Example: Decomposing the time series

  1. Long-term trends: \(f_1(t) \sim \operatorname{GP}\left(0, k_1\right), \quad k_1\left(t, t^{\prime}\right)=\sigma_1^2 \exp \left(-\frac{\left|t-t^{\prime}\right|^2}{2 l_1^2}\right)\)
  2. Short-term variation: \(f_2(t) \sim \operatorname{GP}\left(0, k_2\right), \quad k_2\left(t, t^{\prime}\right)=\sigma_2^2 \exp \left(-\frac{\left|t-t^{\prime}\right|^2}{2 l_2^2}\right)\)
  3. Weekly quasi-periodic pattern: \(f_3(t) \sim \operatorname{GP}\left(0, k_3\right), \quad k_3\left(t, t^{\prime}\right)=\sigma_3^2 \exp \left(-\frac{2 \sin ^2\left(\pi\left(t-t^{\prime}\right) / 7\right)}{l_{3,1}^2}\right) \exp \left(-\frac{\left|t-t^{\prime}\right|^2}{2 l_{3,2}^2}\right)\)
  4. Yearly smooth seasonal pattern: \(f_4(t) \sim \operatorname{GP}\left(0, k_4\right), \quad k_4\left(s, s^{\prime}\right)=\sigma_4^2 \exp \left(-\frac{2 \sin ^2\left(\pi\left(s-s^{\prime}\right) / 365.25\right)}{l_{4,1}^2}\right) \exp \left(-\frac{\left|s-s^{\prime}\right|^2}{2 l_{4,2}^2}\right)\) where \(s = t \text{ mod } 365.25\)
  5. Special days including an interaction term with weekend: \(f_5(t)=I_{\text {special day }}(t) \beta_a+I_{\text {weekend }}(t) I_{\text {special day }}(t) \beta_b\)
  6. Unstructured residuals: \(\epsilon_t \sim N\left(0, \sigma^2\right)\)

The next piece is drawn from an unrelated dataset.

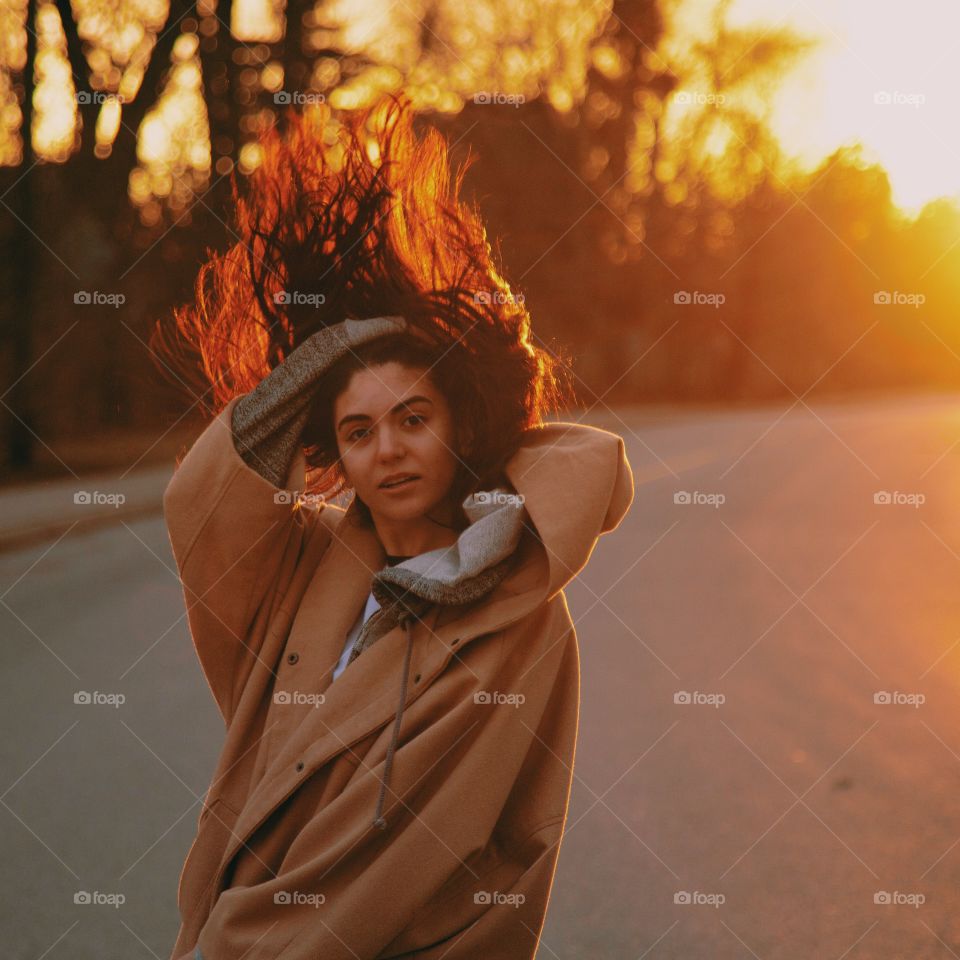 Woman walking on road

Example: Decomposing the time series

Example: Decomposing the time series

Example: Decomposing the time series

  • This model can be improved by further decomposing the time series.
  • For example, assume that the effect pf special day will change over time.

Other applications of GP

There are many other applications of GP:

  • Functional data analysis: the observed data are functions
  • Spatial data analysis: the data has spatial (location) characteristics
  • Density estimation:
    • Assume the unknown density to be \(p(x \mid f) = \frac{\exp(f(x))}{\int \exp(f(x^{\prime})) dx^{\prime}}\) and \(f \sim \mc{GP}(\mu, K)\).